Named for the Brooklands racing course in Surrey and drawing inspiration from the United Kingdom’s rich heritage of automotive and aeronautical engineering, Brooklands is one of a kind. Hovering on the seventh floor in the Peninsula Hotel in Belgravia, on the meridian line of two of London’s most expensive posctodes, Mayfair and Knightsbridge, there’s nothing quiet about the dining room. The terrace outside overlooks Hyde Park and The Apsley House and is crowned with a stainless-steel sculpture that looks like the brainchild of Jeff Koons and Jacob Epstein.
However, it’s largely eclipsed by the work that spans one side of the ceiling to the other in the main dining room, a rendering in matte steel of a Concorde aircraft ‘chandelier’ that could have been lifted from a contemporary Ridley Scott sci-fi movie. The room is ribbed with joists of steel that compound the supersonic impression, as does the art on the far wall, an enormous floor-to-ceiling video installation made to resemble jet contrails. Two digital ticker tape signs on the wall record the temperature outside and the altitude. So, yes, it’s all a bit Top Gear, and there’s nothing subtle here, but somehow, taken together, it works.

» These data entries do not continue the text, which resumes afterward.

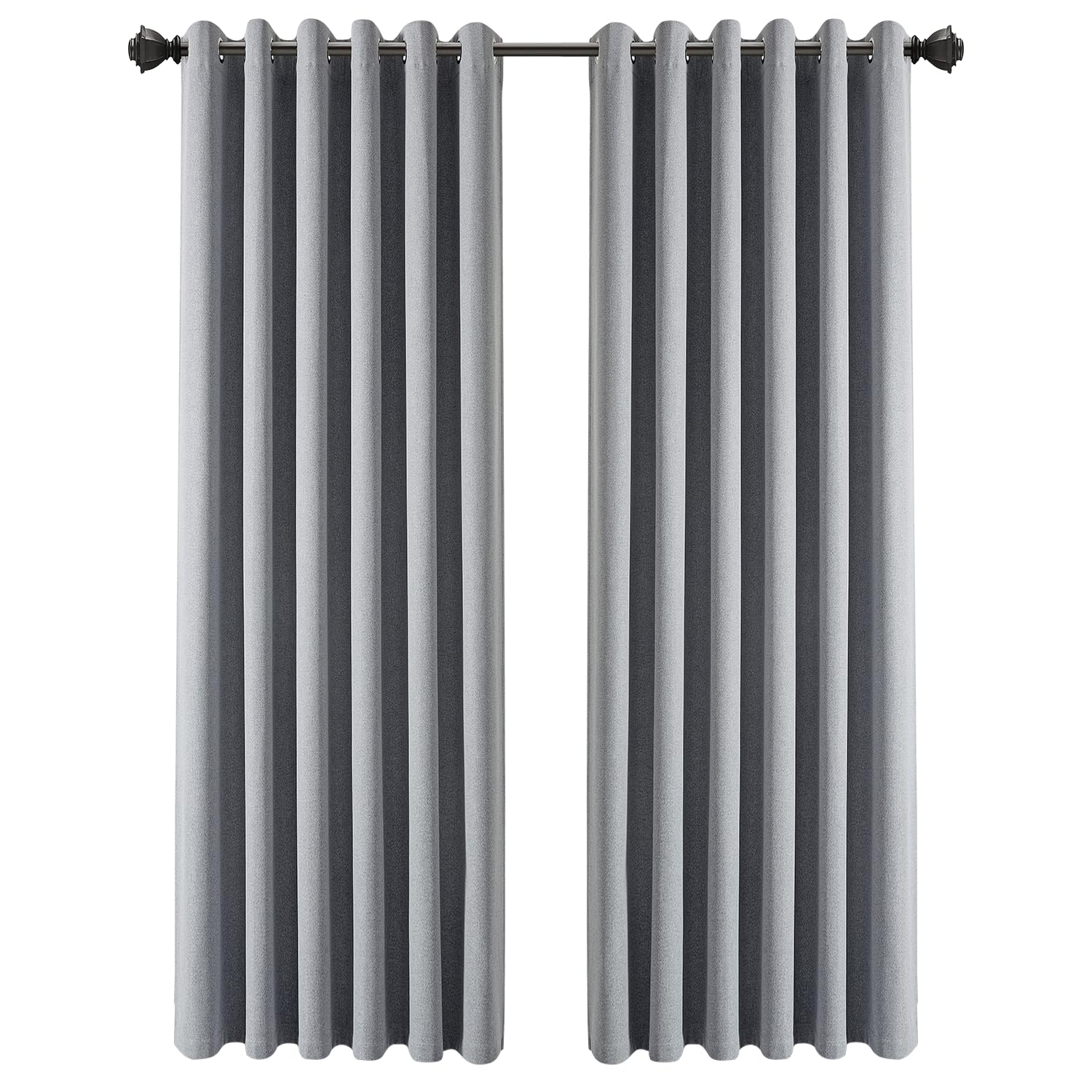 INSPIRE HOMEWARE 100% Blackout Curtains for Bedroom 66x90 Inch Grey Eyelet Linen Curtains Thermal Insulated & Privacy Protection Ring Top Curtain for living Room 2 Panels with Matching Tiebacks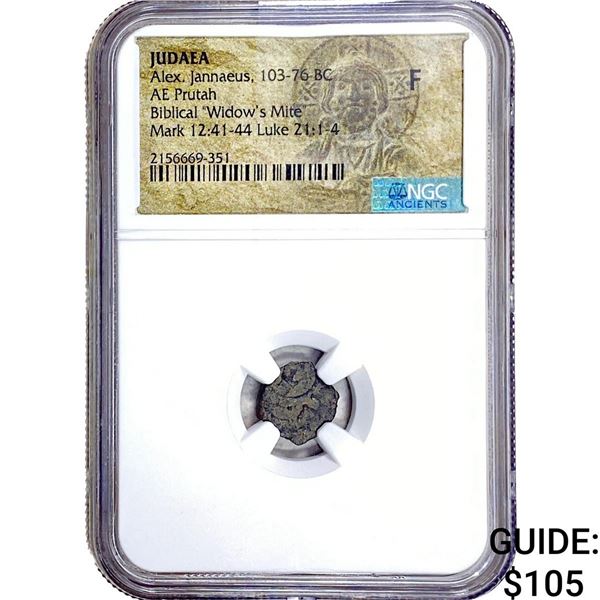 Judaea Alex, Jannaeus 103-76 BC Bronze Purtah NGC F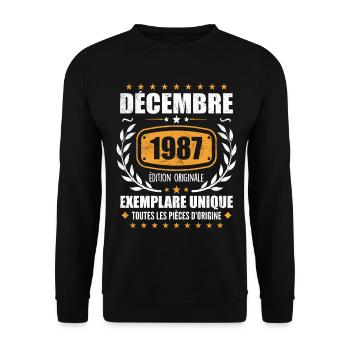 Décembre 1987 Anniversaire - Nées En Décembre 1987 - Sweat-shirt Unisexe - noir - Devant - Alina (178cm) & Michal (187cm)
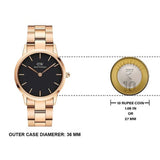 Daniel Wellington Iconic Link Black Dial Rose Gold Steel Strap Watch for Women - DW00100210 Authentic Buy Shop Now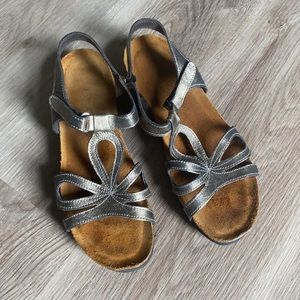 Naot Pewter Leather Sandals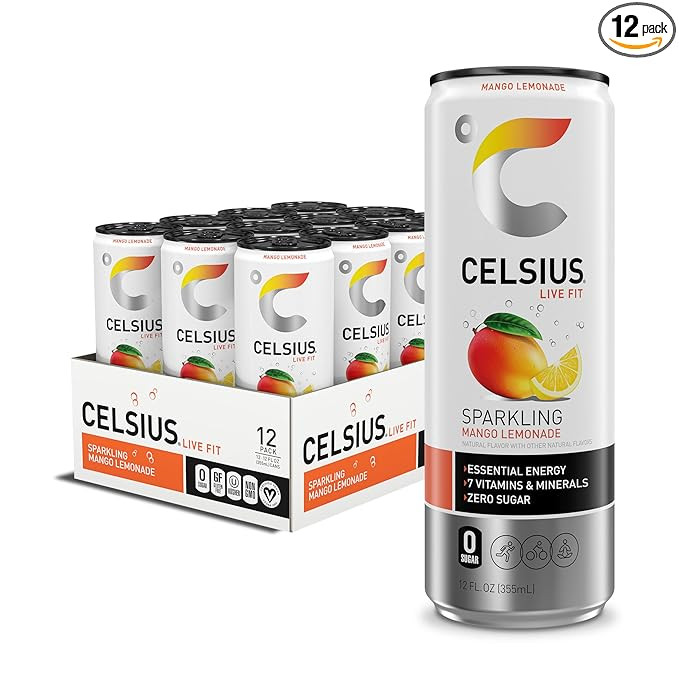 CELSIUS Sparkling Mango Lemonade, Functional Energy Drink 12 Fl Oz (Pack of 12) | Amazon (US)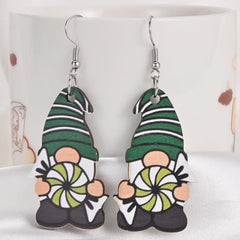 Candy Gnome Santa Wooden Earrings Christmas Holiday Gift Party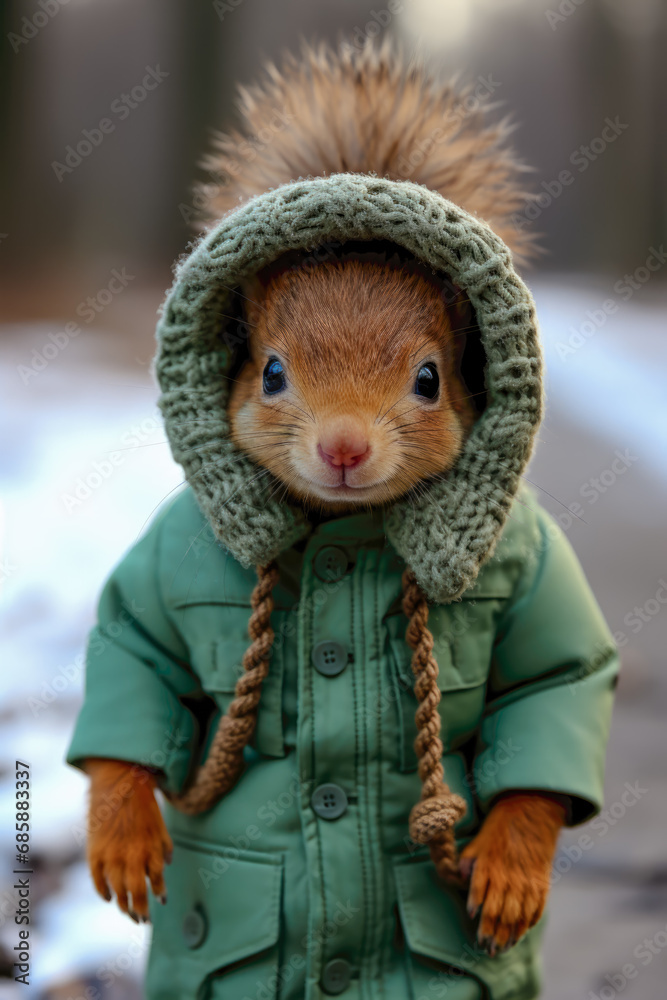 On a Cold Snowy Morning Squirrels are Standing in the Snow in their Scarves a Little Clueless Wallpaper Background Digital Art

Unlike the iconic Concorde, Brooklands had been flying under the radar since opening. That was until Michelin swooped in and awarded Claude Bosi two stars in record time, making it one of the only restos in the United Kingdom to have done so in under six months. It’s very much a team affair, as sous chef Francesco Dibenedetto has been responsible for masterminding most of the dishes. This is a place where the team are very much leaning into it. The result is a tasting menu that fires on all cylinders.
Will Pryce
What to order?
Just like the room, the cuisine has been elevated to rarefied heights. The opening salvo, a quintey of amuse bouches, fires shots across the bow to announce that there will be no messing around here. Brooklands is all about big flavours, ones to write home about. Case in point was a coronation chicken well, let’s call it a gelato, with chicken liver ice cream immersed in a velvety sauce that absolutely detonated with flavour. Of everything we tried, we were absolutely smitten with three dishes. Wolves Lane Farm pumpkins with aged parmesan and Voatsiperifery pepper; Dorset snail in Devil Style; and Lake District lamb with mint and pastrami. There’s even a high incidence of vinegar on the menu, including the palate cleanser, a thimbleful of chamomile kombucha fermentation. It all works, and very well indeed.
Where to drink?
You’d struggle to do better than the Brooklands Bar, with a panoramic sweep of windows that takes in Green Park, Hyde Park Corner, the Wellington Arch, Mayfair, and if you peer with some precision, Buckingham Palace. The design echoes that of Brooklands with a 1930s aviation design trope which is woven through the intricate latticed ceiling. Bartenders are, er, top-flight, serving up an array of modern classics. However, it’s not the only bar in the building. Head to Canton Blue for a beautiful boite dishing out internationally inspired serves, or to the lobby bar for a flute of champagne in an absurdly refined setting.